Goal of the exercise: Write out the data below exactly, from its first line to the line containing "Zum Jubiläum: Verkehrsverbund-Geschäftsführer", that line included.

Material shown:
- - - - - - -
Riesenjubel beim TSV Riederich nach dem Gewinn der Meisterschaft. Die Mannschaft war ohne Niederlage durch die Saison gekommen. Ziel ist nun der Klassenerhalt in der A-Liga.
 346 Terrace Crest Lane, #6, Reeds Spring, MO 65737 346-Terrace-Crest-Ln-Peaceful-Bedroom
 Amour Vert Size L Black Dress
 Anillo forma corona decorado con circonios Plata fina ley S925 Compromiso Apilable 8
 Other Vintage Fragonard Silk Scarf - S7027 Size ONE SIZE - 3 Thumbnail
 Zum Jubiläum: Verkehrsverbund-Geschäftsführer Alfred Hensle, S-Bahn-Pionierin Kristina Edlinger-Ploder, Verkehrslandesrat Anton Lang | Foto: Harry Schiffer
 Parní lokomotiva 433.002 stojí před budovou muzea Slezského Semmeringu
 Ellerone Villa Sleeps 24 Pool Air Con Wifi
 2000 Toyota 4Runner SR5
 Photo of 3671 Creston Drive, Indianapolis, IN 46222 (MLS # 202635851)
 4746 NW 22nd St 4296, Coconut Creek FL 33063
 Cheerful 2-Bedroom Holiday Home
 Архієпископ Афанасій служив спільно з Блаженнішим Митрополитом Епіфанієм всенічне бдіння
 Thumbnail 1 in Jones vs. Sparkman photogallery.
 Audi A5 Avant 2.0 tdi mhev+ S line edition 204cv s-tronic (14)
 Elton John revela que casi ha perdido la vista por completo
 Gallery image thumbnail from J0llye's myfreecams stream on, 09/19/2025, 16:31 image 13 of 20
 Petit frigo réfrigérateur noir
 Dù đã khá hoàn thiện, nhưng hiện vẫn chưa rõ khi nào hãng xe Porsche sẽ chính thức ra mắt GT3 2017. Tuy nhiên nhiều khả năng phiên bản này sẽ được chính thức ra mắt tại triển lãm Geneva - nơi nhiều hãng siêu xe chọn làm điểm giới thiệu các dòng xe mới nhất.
- - - - - - -
Written answer:
Riesenjubel beim TSV Riederich nach dem Gewinn der Meisterschaft. Die Mannschaft war ohne Niederlage durch die Saison gekommen. Ziel ist nun der Klassenerhalt in der A-Liga.
 346 Terrace Crest Lane, #6, Reeds Spring, MO 65737 346-Terrace-Crest-Ln-Peaceful-Bedroom
 Amour Vert Size L Black Dress
 Anillo forma corona decorado con circonios Plata fina ley S925 Compromiso Apilable 8
 Other Vintage Fragonard Silk Scarf - S7027 Size ONE SIZE - 3 Thumbnail
 Zum Jubiläum: Verkehrsverbund-Geschäftsführer Alfred Hensle, S-Bahn-Pionierin Kristina Edlinger-Ploder, Verkehrslandesrat Anton Lang | Foto: Harry Schiffer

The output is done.